Wednesday, July 15, 2009

National Treasure 2


Warning: Contains sentence fragments and you might not get it unless you watch National Treasure: Book of Secrets.



What can draw me out of a 2 and a half week hiatus?, Nic Cage of course. I watched National Treasure: Book of Secrets or National Treasure 2 as Starz On Demand named it. Why did I do this? As Sir Edmund Hillary put it when asked why he climbed Mount Everest, "because it's there." I want to try and give a chronological synopsis of the sheer ridiculousness that is NTBS, but there is just so much flying at you it might get garbled.

First off, I'm not a hater, I am fully willing to sit back and be entertained by an action movie and just buy in. I OWN Steven Segal movies. I will go along with some crazy conspiracy theory plot line. I've read all of Dan Brown's and Michael Crichton's stuff. I will buy in, I promise you. BUT, complete random lunacy is where I stop. NTBS does not fail in this regard.

Spoiler Alert: They find the treasure and everyone falls in love along the way. It's actually not a spoiler alert, I got that much from the Disney production label. Of course, the first time we see Nic Cage, playing Professor Ben Gates, he says he was thrown out of his house by his girlfriend. Let's see if those two crazy kids go on a little adventure and fall (back) in love along the way.

It starts with Ben Gates' sidekick saying, "Do you know how much $5 million costs in taxes, $6 million." Yeah, and that was before the Healthcare bill (oooohhhh). Ben got kicked out by the same chick from the first movie and her German accent is noticeably lessened, but still there. Now, why the F you would get an actress with a German accent to play the head curator of the National Museum of American History, I have no idea. Shouldn't that be, you know, an American. Now, she works at the Library of Congress as the head of Document Preservation. Where else would a German be at home other than being surrounded by great American works of literature?

Snide Remarks does a good job of skewering this plot, so I'll try not to overlap, but let me reiterate the plot line. Ben and Dad, played by Jon Voight, get sucked in to this adventure because some dude besmirched his great grandfather's name and now he has to clear it and the only way to do it is by finding a city of gold. See how linear that is. They figure out a coded message, go to Paris to see the other Statue of Liberty and find an inscription and then it's off to Buckingham Palace.

The sidekick hacks into Buckingham Palace using circuitry he snuck in an Ipod and a Blackberry. I have no real complaint here, at least it's better than the old school Batcave computers that gave you a printout after some knobs were turned and lights blinked arbitrarily. The only thing is the graphical interface that every movie and TV show has. This is enough for a whole separate post really, but doesn't anyone use Windows?
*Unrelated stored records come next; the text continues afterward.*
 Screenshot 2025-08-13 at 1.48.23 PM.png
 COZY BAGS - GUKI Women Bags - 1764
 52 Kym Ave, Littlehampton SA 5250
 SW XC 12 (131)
Nic Cage and the German girl proceed to break into probably two of the more secure places in the world, Buckingham Palace and the White House. All they have to do is ride in a dumb waiter and ask the guy who's trying to bang German girl to get them into the Oval Office like it's getting backstage at a U2 concert.
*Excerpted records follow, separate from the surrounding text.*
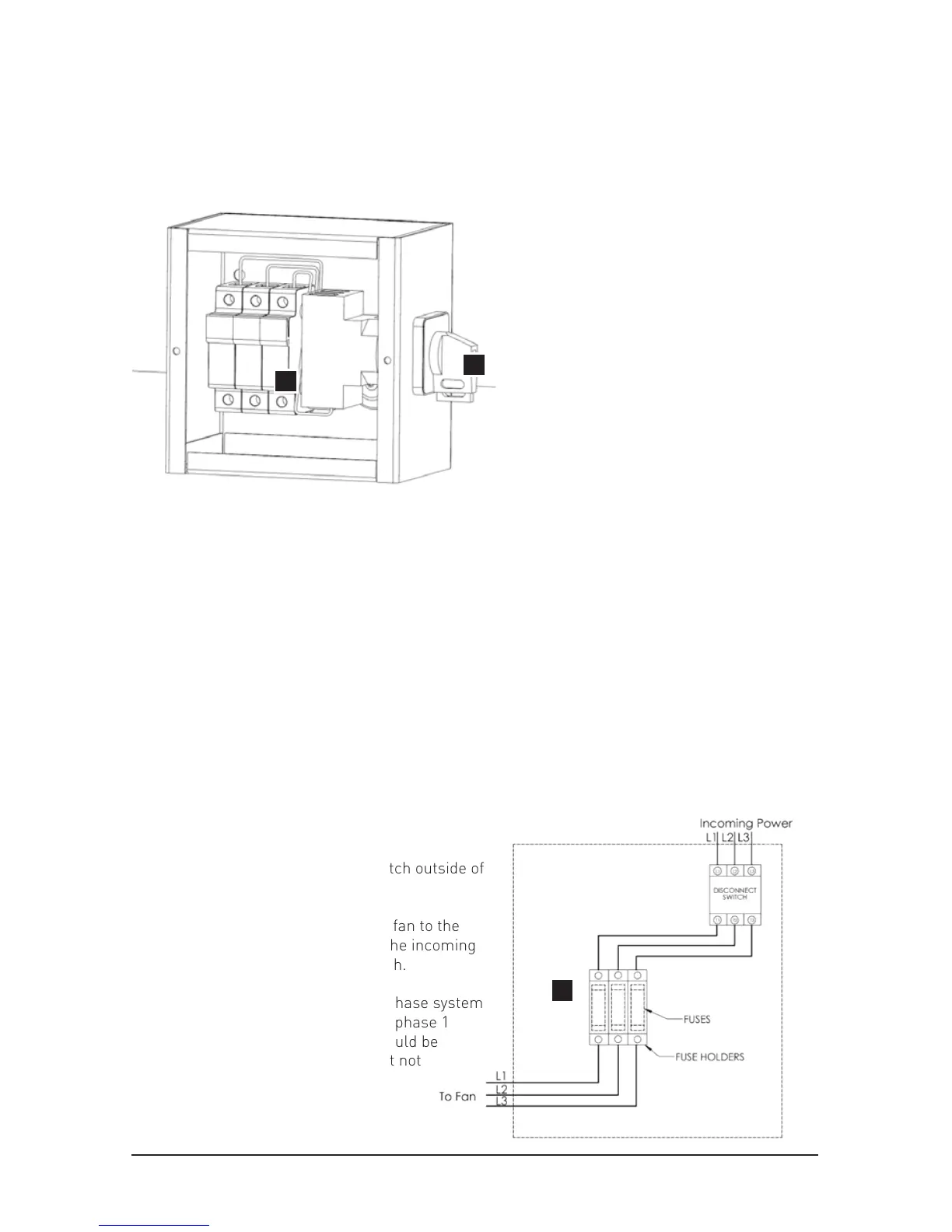 Page #54 background image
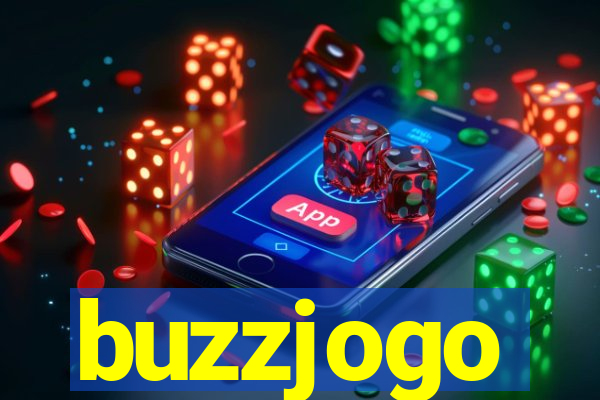 buzzjogo
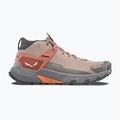 Чоловічі трекінгові черевики Salewa Pedroc 2 Mid PTX quicksand/bungee cord 2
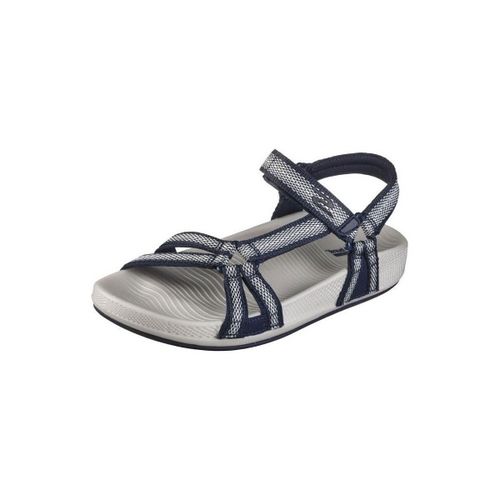 Sandales Skechers BASKETS 140476 - Skechers - Modalova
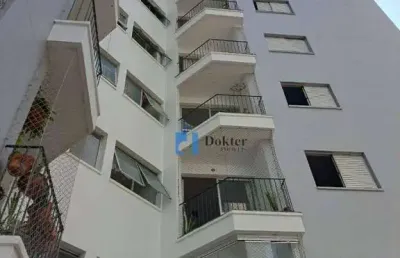 Apartamento com 2 dormitórios para alugar, 55 m² por r$ 2.579,29 - freguesia do ó - são paulo/sp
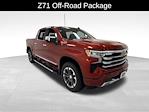2024 Chevrolet Silverado 1500 Crew Cab 4WD Pickup for sale #36929A - photo 7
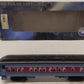 Lionel 6-25135 O Gauge The Polar Express Baggage Car Add-On EX/Box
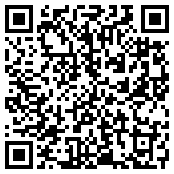 QR Code for Prostruction Prostruction(Dst)See Murdock Section in Louisville, NE 68037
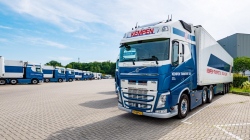 20250719-Kempen-00428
Nic Cage then ups the anty to get some one on one face time with the President. He turns into a super historian/Navy SEAL as he infiltrates the President's birthday party. Ben dons some scuba gear and then slips past the Secret Service with a "hey, howya doing" and walks right up to the Prez and engages him in conversation. He shows the Prez a sketch of Mt. Vernon with a secret passage drawn by George Washington and entices him to go check it out. How? Because the Prez was a "Historical Architecture" major at Yale (duh). He gets the Prez to tell him about the Book of Secrets and then heads to the Library of Congress to get it. Ben arrives all the while evading bumbling Secret Service and federal agents and driving over the slowest rising car barriers I have ever seen. Hasn't the writer seen the History Channel were the show a semi trying to slam into an embassy or something; those things shoot up.

It is at this point or some point prior, or after, that Professor Gates tells the story of some ship that shipwrecked in Florida and how there were only 4 survivors. One of them was a slave who saved the local chief's life and, as a reward, they took him to see their city of gold. He came back years later and couldn't find it. Remember this part because there is a good reason he couldn't find it.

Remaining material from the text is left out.